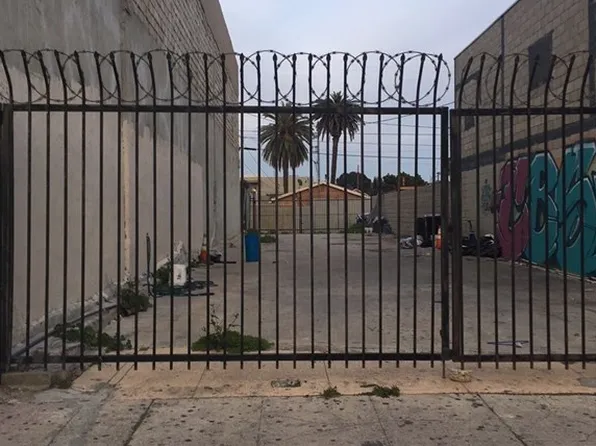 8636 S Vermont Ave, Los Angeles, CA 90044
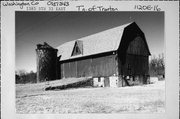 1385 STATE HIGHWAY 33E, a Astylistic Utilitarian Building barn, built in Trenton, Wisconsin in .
==
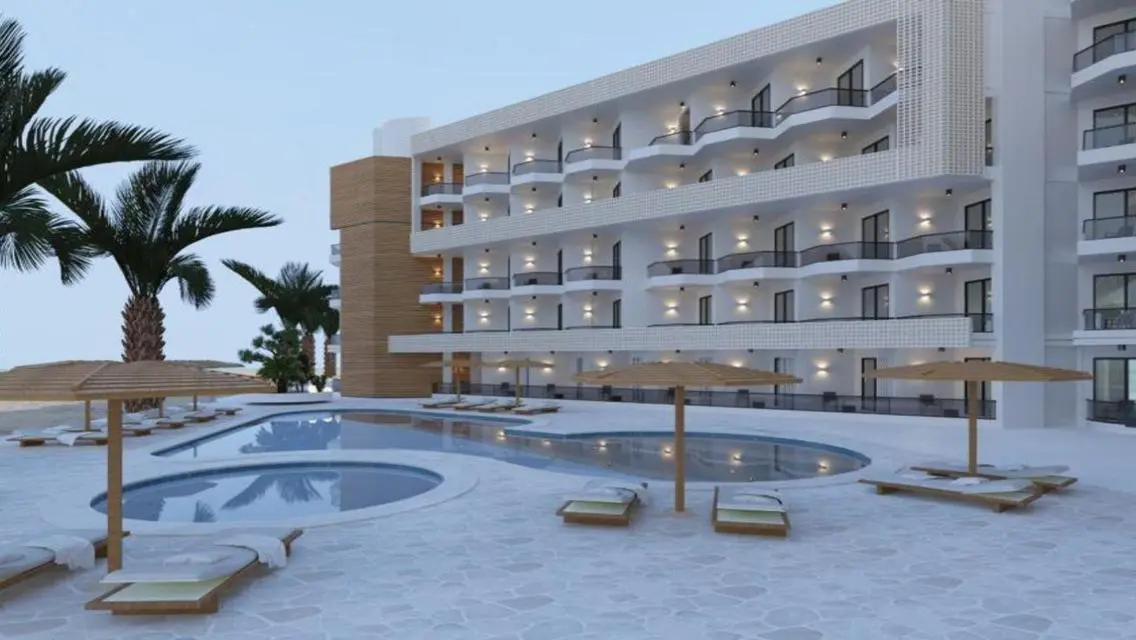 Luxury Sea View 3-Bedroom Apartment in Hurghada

Work required.
Output only the stretch above from the line with "8636 S Vermont Ave, Los Angeles, CA 90044" through the line with "1385 STATE HIGHWAY", reproduced exactly. Exclude pictures.

Result of this exercise.
 8636 S Vermont Ave, Los Angeles, CA 90044
 1385 STATE HIGHWAY 33E, a Astylistic Utilitarian Building barn, built in Trenton, Wisconsin in .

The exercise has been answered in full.